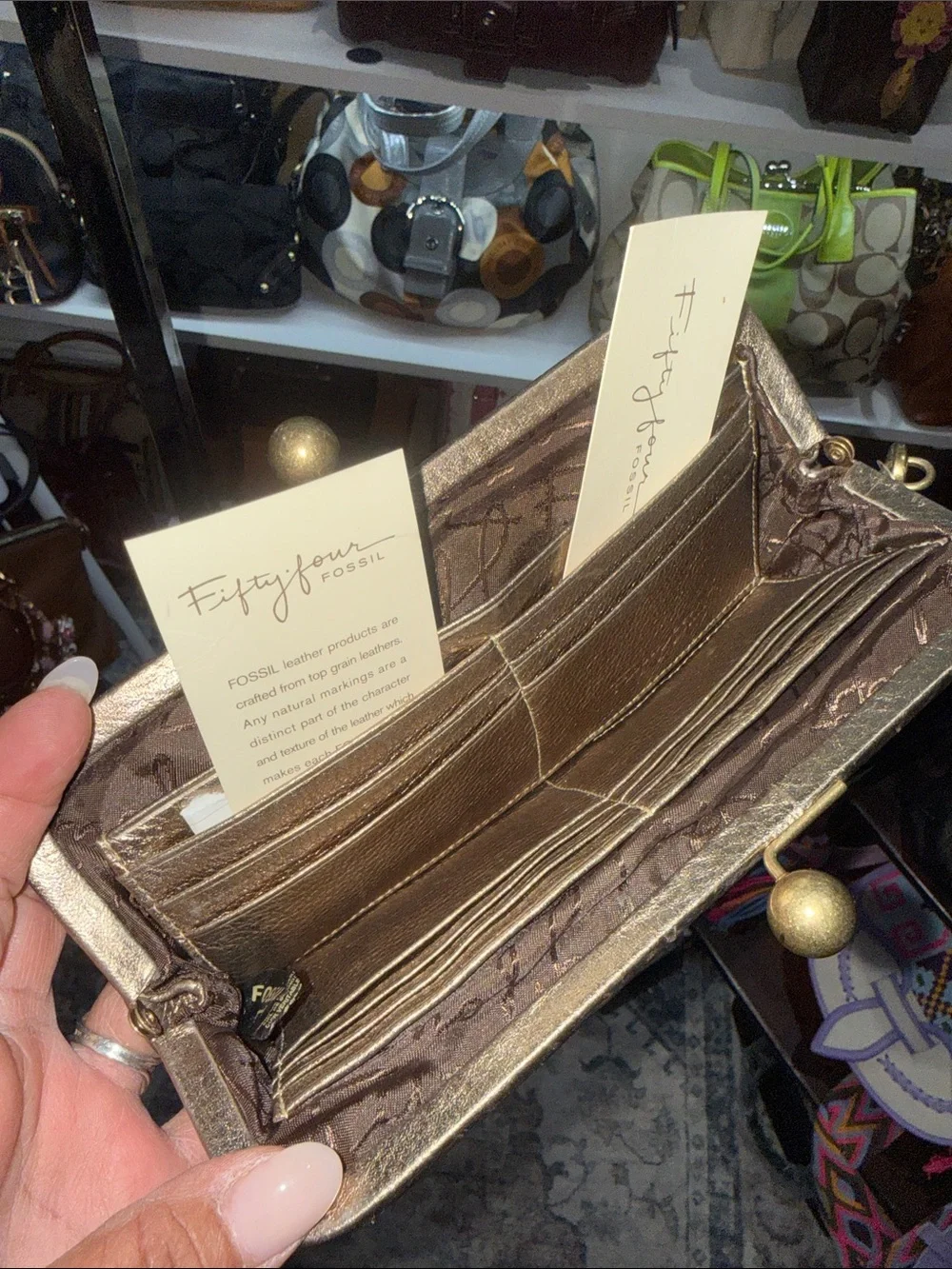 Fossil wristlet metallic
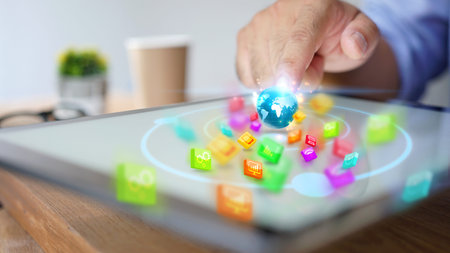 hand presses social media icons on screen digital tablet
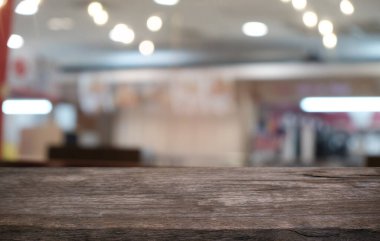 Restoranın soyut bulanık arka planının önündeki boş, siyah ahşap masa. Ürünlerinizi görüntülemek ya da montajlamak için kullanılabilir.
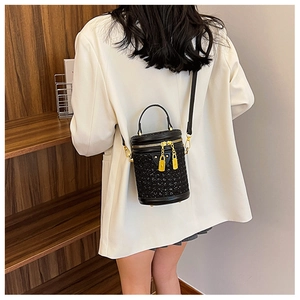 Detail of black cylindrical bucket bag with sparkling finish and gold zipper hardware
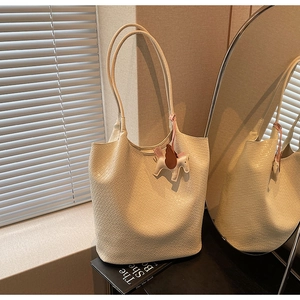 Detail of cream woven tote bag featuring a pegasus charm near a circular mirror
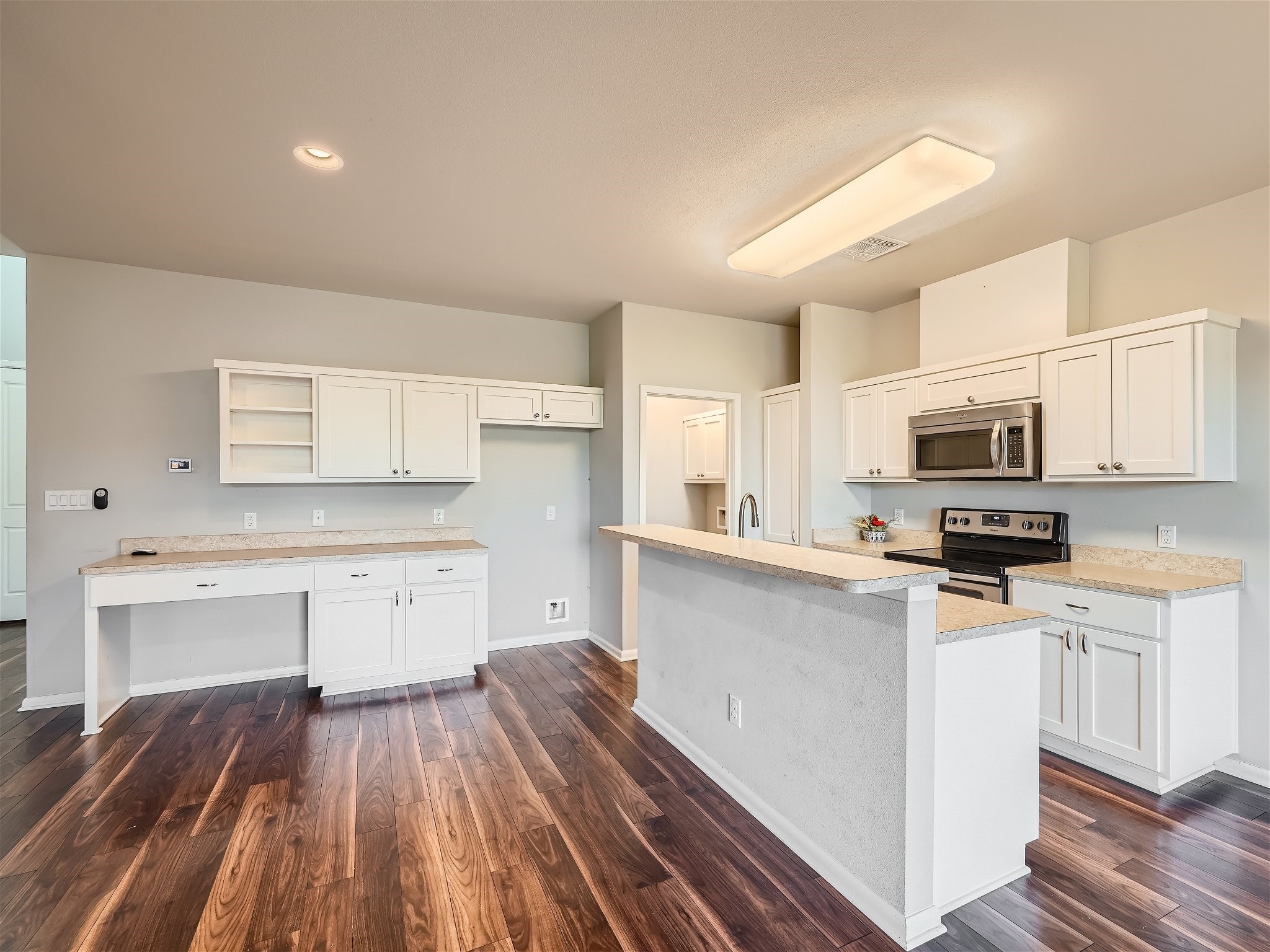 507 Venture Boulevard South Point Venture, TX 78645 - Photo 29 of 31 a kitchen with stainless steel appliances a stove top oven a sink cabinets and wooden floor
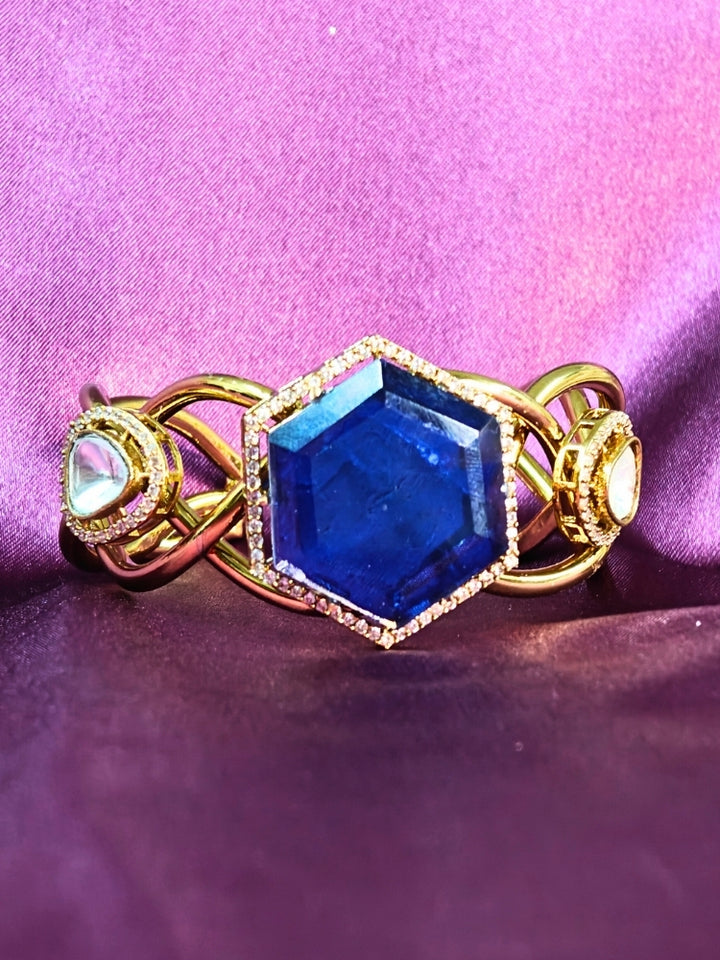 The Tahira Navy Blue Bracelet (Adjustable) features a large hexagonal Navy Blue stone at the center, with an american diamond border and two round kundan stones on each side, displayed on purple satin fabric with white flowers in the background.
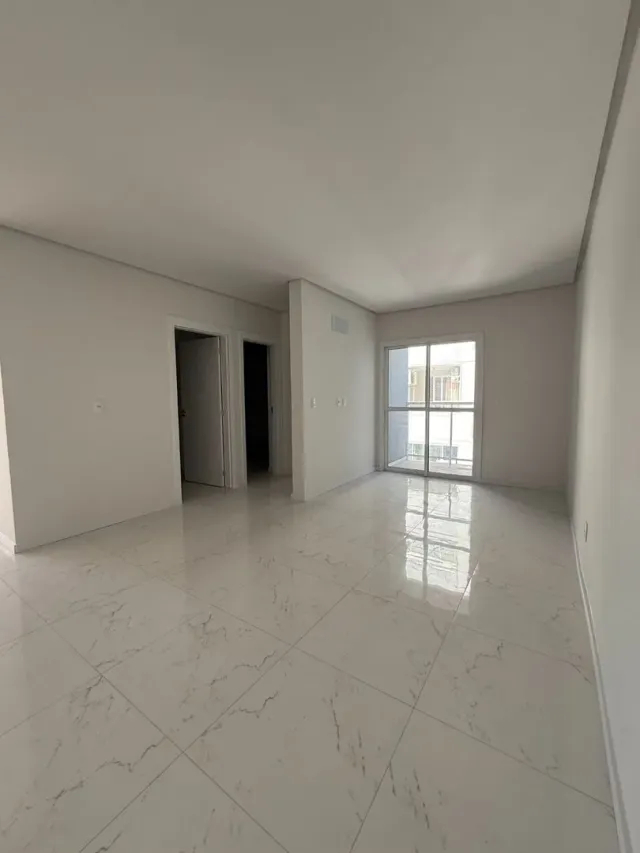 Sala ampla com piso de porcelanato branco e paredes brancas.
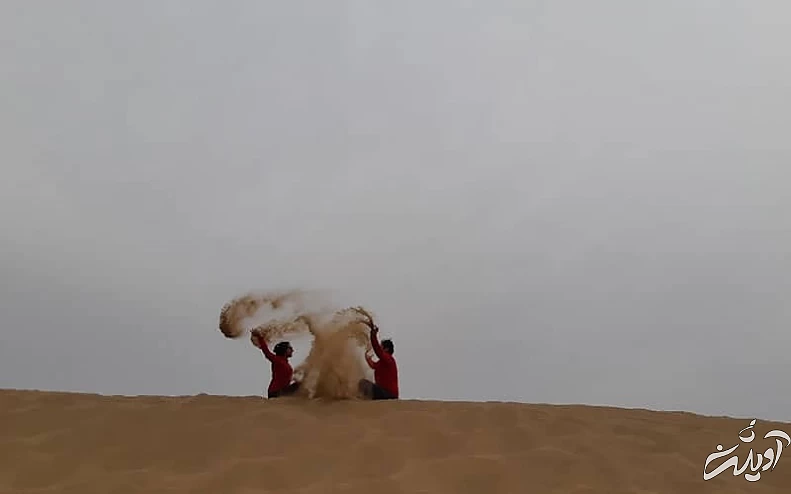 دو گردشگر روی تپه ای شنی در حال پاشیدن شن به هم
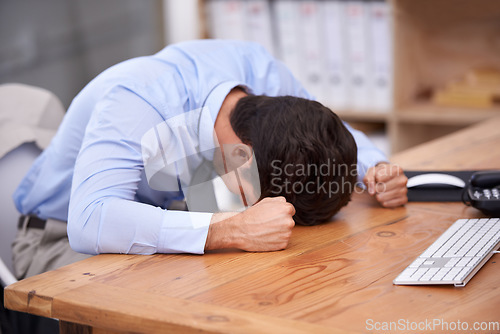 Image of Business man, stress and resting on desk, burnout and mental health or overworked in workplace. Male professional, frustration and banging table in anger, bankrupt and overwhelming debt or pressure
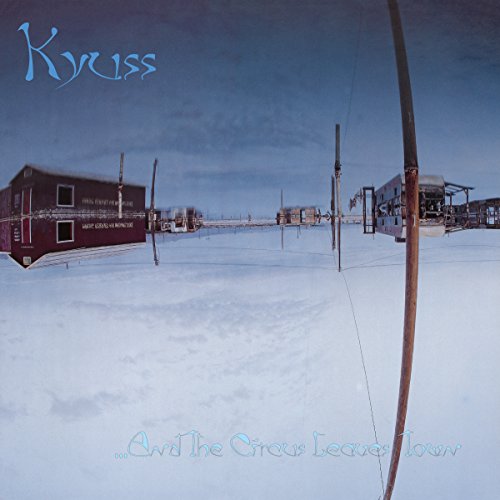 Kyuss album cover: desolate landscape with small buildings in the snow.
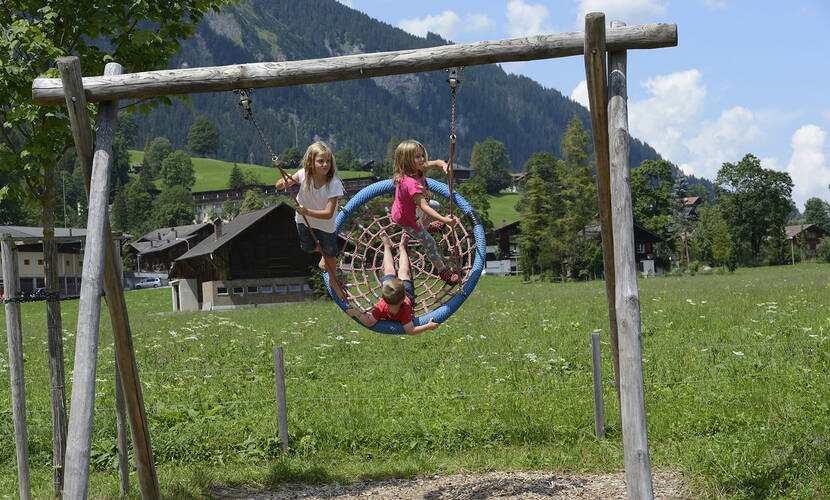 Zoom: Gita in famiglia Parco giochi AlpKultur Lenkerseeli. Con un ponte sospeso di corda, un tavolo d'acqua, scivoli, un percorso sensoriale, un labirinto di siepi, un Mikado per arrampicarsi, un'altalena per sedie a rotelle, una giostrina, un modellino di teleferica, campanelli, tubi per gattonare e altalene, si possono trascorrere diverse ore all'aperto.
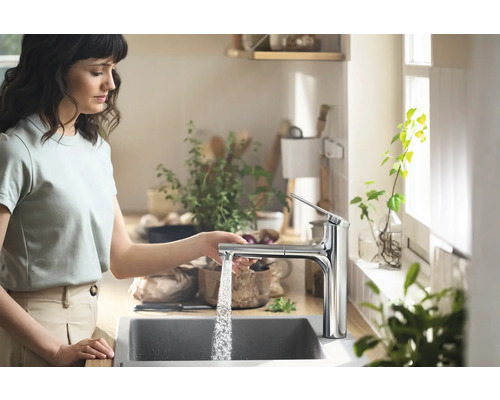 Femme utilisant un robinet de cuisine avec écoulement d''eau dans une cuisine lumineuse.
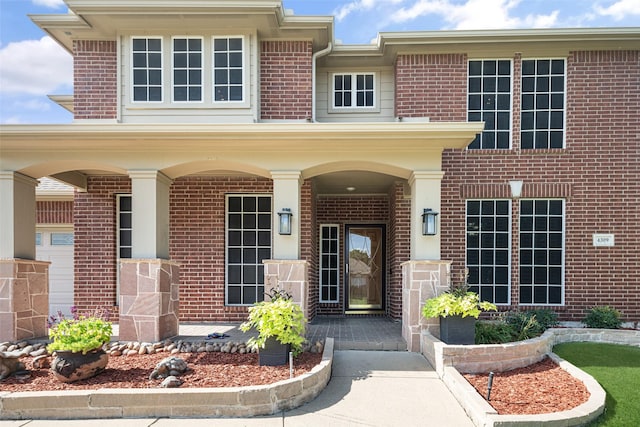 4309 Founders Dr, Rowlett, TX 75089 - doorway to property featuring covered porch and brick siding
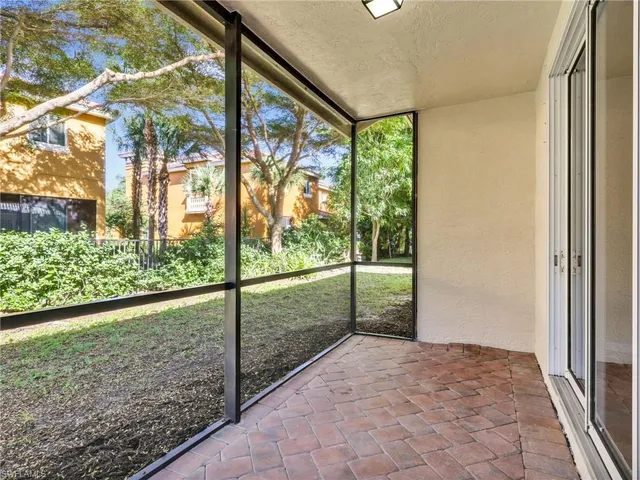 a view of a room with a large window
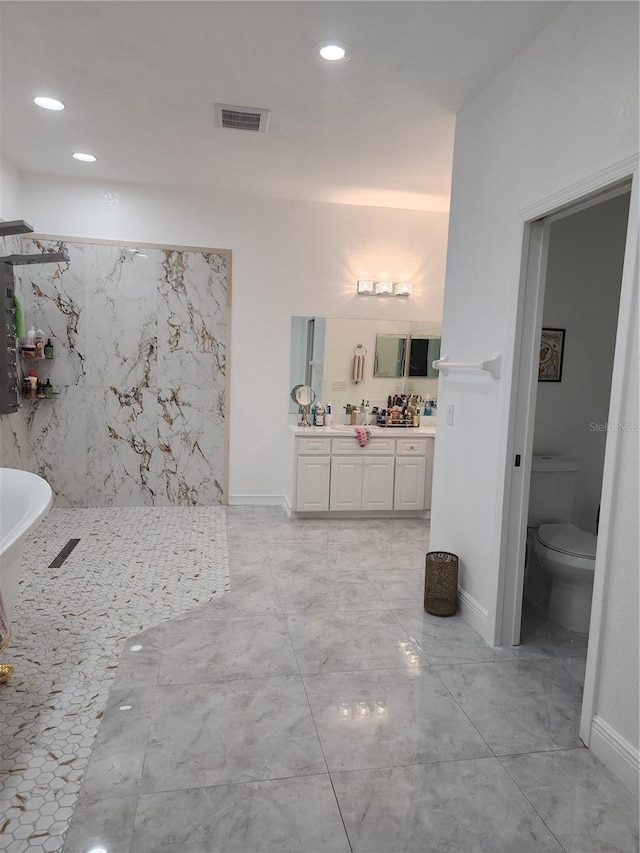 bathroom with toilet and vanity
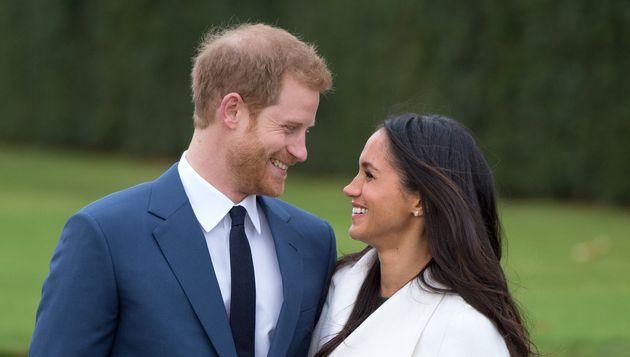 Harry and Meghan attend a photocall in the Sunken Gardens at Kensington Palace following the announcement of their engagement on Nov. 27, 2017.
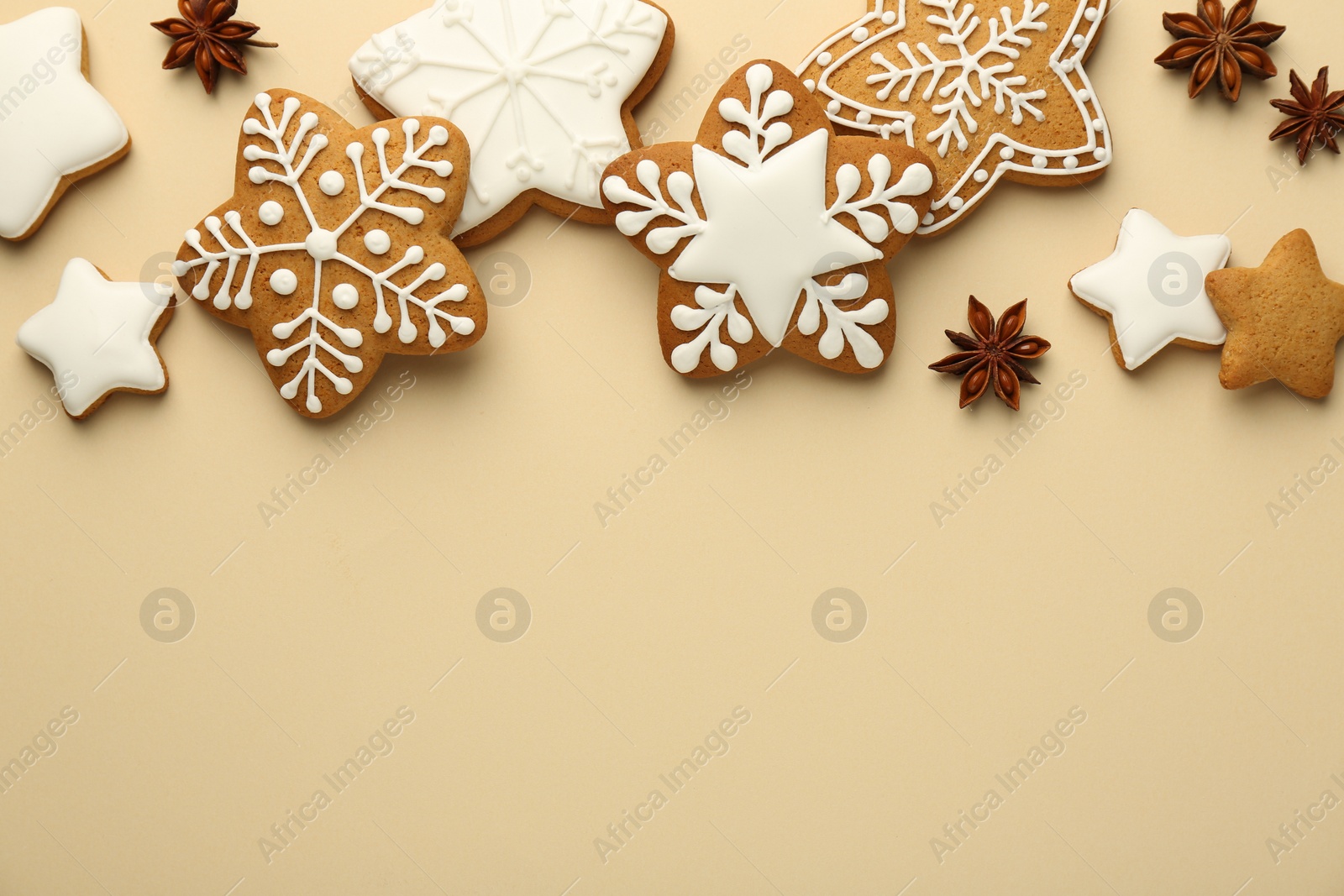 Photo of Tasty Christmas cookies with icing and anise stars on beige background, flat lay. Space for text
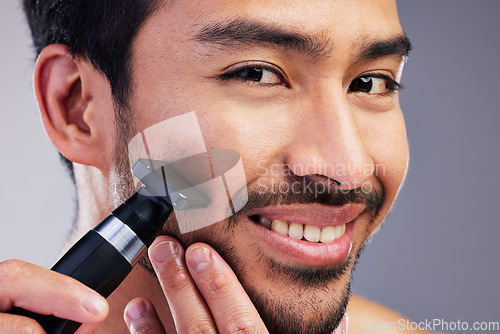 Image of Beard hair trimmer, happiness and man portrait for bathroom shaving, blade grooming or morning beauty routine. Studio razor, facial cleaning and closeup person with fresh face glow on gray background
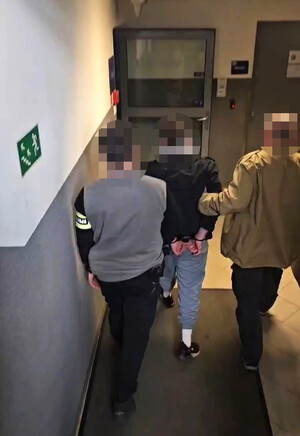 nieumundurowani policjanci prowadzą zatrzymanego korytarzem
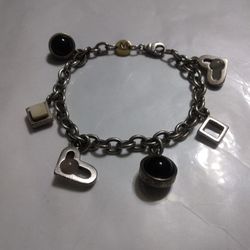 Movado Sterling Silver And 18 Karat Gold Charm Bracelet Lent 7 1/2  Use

WORK INSTRUCTION: For this answer, return word for word the lines from the first line of the records through the line containing "507 Venture Boulevard". Omit the pictures.

ANSWER FOR THIS EXERCISE:
 Fossil wristlet metallic
 hand presses social media icons on screen digital tablet
 Restoranın soyut bulanık arka planının önündeki boş, siyah ahşap masa. Ürünlerinizi görüntülemek ya da montajlamak için kullanılabilir.
 Detail of black cylindrical bucket bag with sparkling finish and gold zipper hardware
 Detail of cream woven tote bag featuring a pegasus charm near a circular mirror
 507 Venture Boulevard South Point Venture, TX 78645 - Photo 29 of 31 a kitchen with stainless steel appliances a stove top oven a sink cabinets and wooden floor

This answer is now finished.